Yes indeed, my mistake.
I wasn't paying attention to this paragraph from the FASM manual:
" The long mode uses also the instruction pointer based addresses,
you can specify it manually with the special RIP register symbol,
but such addressing is also automatically generated by flat
assembler,
since there is no 64-bit absolute addressing in long mode.
"
Of course this doesn't mean that there is no absolute addressing in
long mode (the source of my mistake) but rather (with one exception
which is explained in the line after next) there is no 64 bit form
(with the exception of a MOV to or from RAX from or to a 64 bit
address) of absolute addressing or displacement.
> RIP "steals" one of the ModRM encoding forms. Absolute
> addressing is zero-based and encoded with the SIB format.
Actually the ModRM encoding of the RIP relative 32 bit displacement
is that of the legacy 32 bit (absolute) displacement encoding. That's
the reason why it is the default in FASM, in order to get the old
form an assembler notation is required for the now different SIB
encoding.
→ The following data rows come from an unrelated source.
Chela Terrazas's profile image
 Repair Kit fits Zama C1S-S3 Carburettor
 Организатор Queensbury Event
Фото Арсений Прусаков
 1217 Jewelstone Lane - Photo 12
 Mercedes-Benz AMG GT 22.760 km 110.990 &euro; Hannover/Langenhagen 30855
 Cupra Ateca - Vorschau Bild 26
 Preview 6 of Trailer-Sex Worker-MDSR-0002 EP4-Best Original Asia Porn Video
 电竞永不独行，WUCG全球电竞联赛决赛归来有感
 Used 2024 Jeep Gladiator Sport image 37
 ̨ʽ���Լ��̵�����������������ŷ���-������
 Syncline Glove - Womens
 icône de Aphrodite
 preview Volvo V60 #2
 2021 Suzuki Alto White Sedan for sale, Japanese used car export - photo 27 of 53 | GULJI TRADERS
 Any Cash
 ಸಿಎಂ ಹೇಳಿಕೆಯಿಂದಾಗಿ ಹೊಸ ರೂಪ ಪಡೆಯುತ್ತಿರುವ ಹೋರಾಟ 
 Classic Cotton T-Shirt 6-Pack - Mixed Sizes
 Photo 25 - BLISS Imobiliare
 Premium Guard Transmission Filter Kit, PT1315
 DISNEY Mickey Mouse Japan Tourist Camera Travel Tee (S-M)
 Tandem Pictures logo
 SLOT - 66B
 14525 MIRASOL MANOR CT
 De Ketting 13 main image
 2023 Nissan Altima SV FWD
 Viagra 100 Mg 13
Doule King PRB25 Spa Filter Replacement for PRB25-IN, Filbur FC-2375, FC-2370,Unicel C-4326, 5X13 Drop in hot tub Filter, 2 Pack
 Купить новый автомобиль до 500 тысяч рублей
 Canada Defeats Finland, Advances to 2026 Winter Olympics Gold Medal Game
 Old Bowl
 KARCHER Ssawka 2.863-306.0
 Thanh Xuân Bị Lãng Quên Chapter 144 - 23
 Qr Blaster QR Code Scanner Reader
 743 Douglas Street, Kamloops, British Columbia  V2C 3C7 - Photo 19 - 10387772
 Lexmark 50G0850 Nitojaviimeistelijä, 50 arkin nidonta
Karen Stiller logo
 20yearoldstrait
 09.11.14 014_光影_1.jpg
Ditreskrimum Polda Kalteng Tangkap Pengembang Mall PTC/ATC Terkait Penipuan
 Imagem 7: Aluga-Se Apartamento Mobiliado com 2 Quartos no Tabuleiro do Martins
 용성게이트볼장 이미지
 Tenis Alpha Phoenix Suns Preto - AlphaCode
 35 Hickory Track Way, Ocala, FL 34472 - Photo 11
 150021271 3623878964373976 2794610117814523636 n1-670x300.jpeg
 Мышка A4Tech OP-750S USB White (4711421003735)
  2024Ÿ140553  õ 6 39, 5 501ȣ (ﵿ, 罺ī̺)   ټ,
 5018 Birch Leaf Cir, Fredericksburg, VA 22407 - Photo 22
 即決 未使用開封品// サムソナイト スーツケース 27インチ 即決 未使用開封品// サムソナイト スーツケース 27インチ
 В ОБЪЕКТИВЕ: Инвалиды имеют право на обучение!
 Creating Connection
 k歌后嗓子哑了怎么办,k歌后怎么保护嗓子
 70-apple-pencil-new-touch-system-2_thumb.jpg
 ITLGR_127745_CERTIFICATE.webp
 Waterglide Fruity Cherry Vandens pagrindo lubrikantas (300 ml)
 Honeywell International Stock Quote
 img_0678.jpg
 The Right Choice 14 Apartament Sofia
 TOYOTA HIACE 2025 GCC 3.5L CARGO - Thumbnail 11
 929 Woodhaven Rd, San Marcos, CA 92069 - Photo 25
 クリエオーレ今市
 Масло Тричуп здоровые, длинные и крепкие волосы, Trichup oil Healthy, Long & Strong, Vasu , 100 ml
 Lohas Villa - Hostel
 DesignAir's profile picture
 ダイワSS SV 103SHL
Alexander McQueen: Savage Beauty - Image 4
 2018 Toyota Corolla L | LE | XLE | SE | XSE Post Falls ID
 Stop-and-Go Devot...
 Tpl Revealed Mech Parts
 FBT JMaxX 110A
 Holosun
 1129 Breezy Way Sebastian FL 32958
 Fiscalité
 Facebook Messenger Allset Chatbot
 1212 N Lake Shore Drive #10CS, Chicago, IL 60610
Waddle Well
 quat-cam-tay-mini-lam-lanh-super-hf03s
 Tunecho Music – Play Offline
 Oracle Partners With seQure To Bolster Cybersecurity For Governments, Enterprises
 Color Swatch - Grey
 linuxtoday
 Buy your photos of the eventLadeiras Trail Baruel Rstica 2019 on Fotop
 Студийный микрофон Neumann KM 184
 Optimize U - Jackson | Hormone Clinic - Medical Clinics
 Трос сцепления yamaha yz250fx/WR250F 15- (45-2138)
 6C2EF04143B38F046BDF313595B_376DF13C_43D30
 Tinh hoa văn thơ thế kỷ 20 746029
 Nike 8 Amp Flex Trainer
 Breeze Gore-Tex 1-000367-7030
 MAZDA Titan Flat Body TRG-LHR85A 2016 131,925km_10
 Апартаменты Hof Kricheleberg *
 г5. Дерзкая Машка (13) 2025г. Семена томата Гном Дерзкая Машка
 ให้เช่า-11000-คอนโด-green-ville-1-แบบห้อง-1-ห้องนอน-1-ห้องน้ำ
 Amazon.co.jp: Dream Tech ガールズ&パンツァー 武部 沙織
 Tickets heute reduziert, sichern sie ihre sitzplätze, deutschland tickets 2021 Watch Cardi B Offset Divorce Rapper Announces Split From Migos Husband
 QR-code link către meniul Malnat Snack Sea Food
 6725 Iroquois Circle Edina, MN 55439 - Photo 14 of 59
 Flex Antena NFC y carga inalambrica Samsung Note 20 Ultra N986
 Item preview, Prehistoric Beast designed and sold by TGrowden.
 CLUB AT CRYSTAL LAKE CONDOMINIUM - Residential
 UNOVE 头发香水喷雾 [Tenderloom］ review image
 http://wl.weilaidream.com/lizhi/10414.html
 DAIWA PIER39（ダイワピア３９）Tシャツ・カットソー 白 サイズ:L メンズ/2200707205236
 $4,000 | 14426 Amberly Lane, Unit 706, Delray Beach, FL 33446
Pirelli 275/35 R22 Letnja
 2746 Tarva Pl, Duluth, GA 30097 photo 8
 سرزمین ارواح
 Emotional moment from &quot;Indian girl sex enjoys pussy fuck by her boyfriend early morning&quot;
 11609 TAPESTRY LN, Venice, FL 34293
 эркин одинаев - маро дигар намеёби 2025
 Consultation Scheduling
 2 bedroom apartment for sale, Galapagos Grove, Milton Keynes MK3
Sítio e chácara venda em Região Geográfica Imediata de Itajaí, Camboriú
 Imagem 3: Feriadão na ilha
Other assemblers/compilers may require notation to get
the same (improved) ModRM encoded instruction.
Anyway, my original response was that even position independent
code will require some fixups when using a base 0 addressed
COFF file as an executable loaded at an address other than 0.
Maxim S. Shatskih
>code will require some fixups
It will surely require fixups on DLL import resolution, and not once in the import table, but on any occurence of the reference to the imported name.
Thus, for modern OSes, all this "position-independent" stuff is null and void. You need a relocation table anyway (unless you mandate the load address like for Windows KnownDLLs).
--
Maxim S. Shatskih
Windows DDK MVP
ma...@storagecraft.com
http://www.storagecraft.com
Mike Gonta
> Mike Gonta wrote:
> >Anyway, my original response was that even position independent
> >code will require some fixups
>
> It will surely require fixups on DLL import resolution, and not once in the import table, but on any occurence of the reference to the imported name.
All references to the imported name are indirect
(RIP relative in 64 bit mode) calls to the import table slot
which require no fixups.
> Thus, for modern OSes, all this "position-independent" stuff is null and void.
Definitely results in less fixups if required.
> You need a relocation table anyway (unless you mandate the load address like for Windows KnownDLLs).
The relocation table is required to relocate the
executable if it cannot be loaded at the preferred
location.
A simple header-less flat binary executable with a relocation
table, preferred load address (2nd to last) and a pointer
to the table as the last 64 bit value of the file is the
proposed format. Easy to produce from a PE and
easy to load. Designed for simple OS Development.